***** INFORMATION PROVIDED
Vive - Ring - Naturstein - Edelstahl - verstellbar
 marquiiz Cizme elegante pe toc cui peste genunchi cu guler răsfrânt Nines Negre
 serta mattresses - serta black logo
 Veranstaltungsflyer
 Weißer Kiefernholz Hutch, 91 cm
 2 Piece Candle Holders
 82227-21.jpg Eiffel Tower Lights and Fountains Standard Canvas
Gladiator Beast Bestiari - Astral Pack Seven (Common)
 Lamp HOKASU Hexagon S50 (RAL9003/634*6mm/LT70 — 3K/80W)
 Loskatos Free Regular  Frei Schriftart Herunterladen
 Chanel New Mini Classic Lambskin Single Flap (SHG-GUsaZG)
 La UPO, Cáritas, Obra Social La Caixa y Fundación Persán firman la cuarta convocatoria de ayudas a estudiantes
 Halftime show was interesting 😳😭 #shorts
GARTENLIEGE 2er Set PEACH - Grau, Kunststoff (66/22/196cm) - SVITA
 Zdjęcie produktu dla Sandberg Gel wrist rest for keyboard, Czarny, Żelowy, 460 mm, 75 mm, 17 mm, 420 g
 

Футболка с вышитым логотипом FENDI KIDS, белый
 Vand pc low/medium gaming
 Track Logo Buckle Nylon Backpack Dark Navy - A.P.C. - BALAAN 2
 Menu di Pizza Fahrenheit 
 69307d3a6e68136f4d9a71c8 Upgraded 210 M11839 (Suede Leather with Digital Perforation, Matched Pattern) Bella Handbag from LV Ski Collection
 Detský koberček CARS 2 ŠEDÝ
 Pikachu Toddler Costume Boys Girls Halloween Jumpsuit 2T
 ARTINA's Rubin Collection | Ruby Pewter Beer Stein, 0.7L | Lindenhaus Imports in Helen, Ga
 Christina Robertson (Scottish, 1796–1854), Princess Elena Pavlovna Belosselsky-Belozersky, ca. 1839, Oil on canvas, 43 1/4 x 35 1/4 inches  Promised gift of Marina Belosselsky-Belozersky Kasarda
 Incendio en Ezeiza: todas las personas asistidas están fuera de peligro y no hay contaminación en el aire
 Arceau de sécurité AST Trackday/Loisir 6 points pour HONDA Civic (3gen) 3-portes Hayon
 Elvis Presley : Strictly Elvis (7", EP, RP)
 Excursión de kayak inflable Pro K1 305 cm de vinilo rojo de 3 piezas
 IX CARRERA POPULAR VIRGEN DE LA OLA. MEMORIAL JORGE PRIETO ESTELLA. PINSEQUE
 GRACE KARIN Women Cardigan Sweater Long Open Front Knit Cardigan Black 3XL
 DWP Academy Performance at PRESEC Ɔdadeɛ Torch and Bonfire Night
**********
Look above for the line with "Arceau de sécurité" and the line with "Excursión de kayak"; transcribe both and all lines in between, exactly, and nothing else.

COMPLETED EXERCISE:
 Arceau de sécurité AST Trackday/Loisir 6 points pour HONDA Civic (3gen) 3-portes Hayon
 Elvis Presley : Strictly Elvis (7", EP, RP)
 Excursión de kayak inflable Pro K1 305 cm de vinilo rojo de 3 piezas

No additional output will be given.